(Data excerpts begins)

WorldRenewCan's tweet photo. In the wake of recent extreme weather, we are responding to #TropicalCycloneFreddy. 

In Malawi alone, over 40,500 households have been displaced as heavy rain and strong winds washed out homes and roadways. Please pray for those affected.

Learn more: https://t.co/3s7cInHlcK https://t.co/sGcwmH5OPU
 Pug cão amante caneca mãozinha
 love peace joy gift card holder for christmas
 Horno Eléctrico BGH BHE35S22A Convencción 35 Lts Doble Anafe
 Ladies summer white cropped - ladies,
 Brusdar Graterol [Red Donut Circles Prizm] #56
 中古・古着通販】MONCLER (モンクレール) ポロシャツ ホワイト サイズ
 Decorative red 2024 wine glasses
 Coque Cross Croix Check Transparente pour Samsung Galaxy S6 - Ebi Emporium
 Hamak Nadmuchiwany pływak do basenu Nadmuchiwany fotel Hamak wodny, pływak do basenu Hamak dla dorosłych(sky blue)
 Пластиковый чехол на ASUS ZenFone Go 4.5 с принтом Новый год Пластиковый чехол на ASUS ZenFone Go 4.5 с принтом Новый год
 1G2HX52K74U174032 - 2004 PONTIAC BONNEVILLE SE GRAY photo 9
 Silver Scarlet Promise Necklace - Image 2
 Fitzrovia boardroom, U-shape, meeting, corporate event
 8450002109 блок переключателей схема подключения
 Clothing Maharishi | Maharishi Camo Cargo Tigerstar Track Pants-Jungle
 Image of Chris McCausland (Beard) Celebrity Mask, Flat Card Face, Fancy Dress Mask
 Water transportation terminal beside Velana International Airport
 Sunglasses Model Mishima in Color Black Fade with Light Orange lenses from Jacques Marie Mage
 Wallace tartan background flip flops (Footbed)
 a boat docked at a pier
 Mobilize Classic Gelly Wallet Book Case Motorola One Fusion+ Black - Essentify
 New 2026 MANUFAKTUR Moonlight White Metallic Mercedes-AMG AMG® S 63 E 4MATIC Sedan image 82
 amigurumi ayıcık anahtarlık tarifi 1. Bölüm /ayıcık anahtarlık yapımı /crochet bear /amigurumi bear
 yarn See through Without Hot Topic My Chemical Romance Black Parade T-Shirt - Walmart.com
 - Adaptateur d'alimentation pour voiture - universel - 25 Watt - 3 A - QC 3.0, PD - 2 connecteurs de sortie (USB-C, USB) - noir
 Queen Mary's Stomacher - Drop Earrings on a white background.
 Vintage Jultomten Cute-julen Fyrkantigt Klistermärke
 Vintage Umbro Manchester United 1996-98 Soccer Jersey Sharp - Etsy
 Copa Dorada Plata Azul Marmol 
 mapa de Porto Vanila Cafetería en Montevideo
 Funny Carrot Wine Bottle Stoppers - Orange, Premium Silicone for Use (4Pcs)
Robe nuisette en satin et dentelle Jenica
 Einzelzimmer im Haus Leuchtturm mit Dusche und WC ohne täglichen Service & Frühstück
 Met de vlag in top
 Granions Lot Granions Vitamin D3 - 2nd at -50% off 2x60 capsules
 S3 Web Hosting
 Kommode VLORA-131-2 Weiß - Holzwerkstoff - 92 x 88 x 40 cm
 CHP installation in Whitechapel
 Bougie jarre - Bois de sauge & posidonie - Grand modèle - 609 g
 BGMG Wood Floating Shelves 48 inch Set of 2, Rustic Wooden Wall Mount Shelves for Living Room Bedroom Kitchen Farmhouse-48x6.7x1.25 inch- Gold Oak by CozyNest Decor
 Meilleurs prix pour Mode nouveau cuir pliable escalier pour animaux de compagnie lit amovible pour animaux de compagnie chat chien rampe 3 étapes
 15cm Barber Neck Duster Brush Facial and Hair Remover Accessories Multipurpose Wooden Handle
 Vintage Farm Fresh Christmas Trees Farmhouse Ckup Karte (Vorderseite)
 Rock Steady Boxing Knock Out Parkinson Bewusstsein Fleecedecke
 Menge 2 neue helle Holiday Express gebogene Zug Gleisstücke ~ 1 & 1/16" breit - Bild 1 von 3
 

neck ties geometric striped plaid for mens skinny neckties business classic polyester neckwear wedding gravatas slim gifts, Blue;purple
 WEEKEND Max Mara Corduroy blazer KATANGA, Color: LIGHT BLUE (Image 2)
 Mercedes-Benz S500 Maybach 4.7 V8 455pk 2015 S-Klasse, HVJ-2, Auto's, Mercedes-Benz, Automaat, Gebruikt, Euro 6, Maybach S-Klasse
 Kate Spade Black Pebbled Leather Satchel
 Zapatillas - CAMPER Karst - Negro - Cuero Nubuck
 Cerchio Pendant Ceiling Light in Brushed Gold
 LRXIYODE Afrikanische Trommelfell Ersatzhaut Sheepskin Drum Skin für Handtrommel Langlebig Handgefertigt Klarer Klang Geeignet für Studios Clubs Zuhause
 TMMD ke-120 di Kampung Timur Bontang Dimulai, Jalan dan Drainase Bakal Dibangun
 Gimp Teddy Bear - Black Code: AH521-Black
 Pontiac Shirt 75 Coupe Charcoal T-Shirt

(Data excerpts ends)

▶ _What to produce_:
Your task is to retype the entries verbatim, starting with the line that holds "Wallace tartan background" and stopping after the line that holds "Meilleurs prix pour".

▶ _Exercise output_:
 Wallace tartan background flip flops (Footbed)
 a boat docked at a pier
 Mobilize Classic Gelly Wallet Book Case Motorola One Fusion+ Black - Essentify
 New 2026 MANUFAKTUR Moonlight White Metallic Mercedes-AMG AMG® S 63 E 4MATIC Sedan image 82
 amigurumi ayıcık anahtarlık tarifi 1. Bölüm /ayıcık anahtarlık yapımı /crochet bear /amigurumi bear
 yarn See through Without Hot Topic My Chemical Romance Black Parade T-Shirt - Walmart.com
 - Adaptateur d'alimentation pour voiture - universel - 25 Watt - 3 A - QC 3.0, PD - 2 connecteurs de sortie (USB-C, USB) - noir
 Queen Mary's Stomacher - Drop Earrings on a white background.
 Vintage Jultomten Cute-julen Fyrkantigt Klistermärke
 Vintage Umbro Manchester United 1996-98 Soccer Jersey Sharp - Etsy
 Copa Dorada Plata Azul Marmol 
 mapa de Porto Vanila Cafetería en Montevideo
 Funny Carrot Wine Bottle Stoppers - Orange, Premium Silicone for Use (4Pcs)
Robe nuisette en satin et dentelle Jenica
 Einzelzimmer im Haus Leuchtturm mit Dusche und WC ohne täglichen Service & Frühstück
 Met de vlag in top
 Granions Lot Granions Vitamin D3 - 2nd at -50% off 2x60 capsules
 S3 Web Hosting
 Kommode VLORA-131-2 Weiß - Holzwerkstoff - 92 x 88 x 40 cm
 CHP installation in Whitechapel
 Bougie jarre - Bois de sauge & posidonie - Grand modèle - 609 g
 BGMG Wood Floating Shelves 48 inch Set of 2, Rustic Wooden Wall Mount Shelves for Living Room Bedroom Kitchen Farmhouse-48x6.7x1.25 inch- Gold Oak by CozyNest Decor
 Meilleurs prix pour Mode nouveau cuir pliable escalier pour animaux de compagnie lit amovible pour animaux de compagnie chat chien rampe 3 étapes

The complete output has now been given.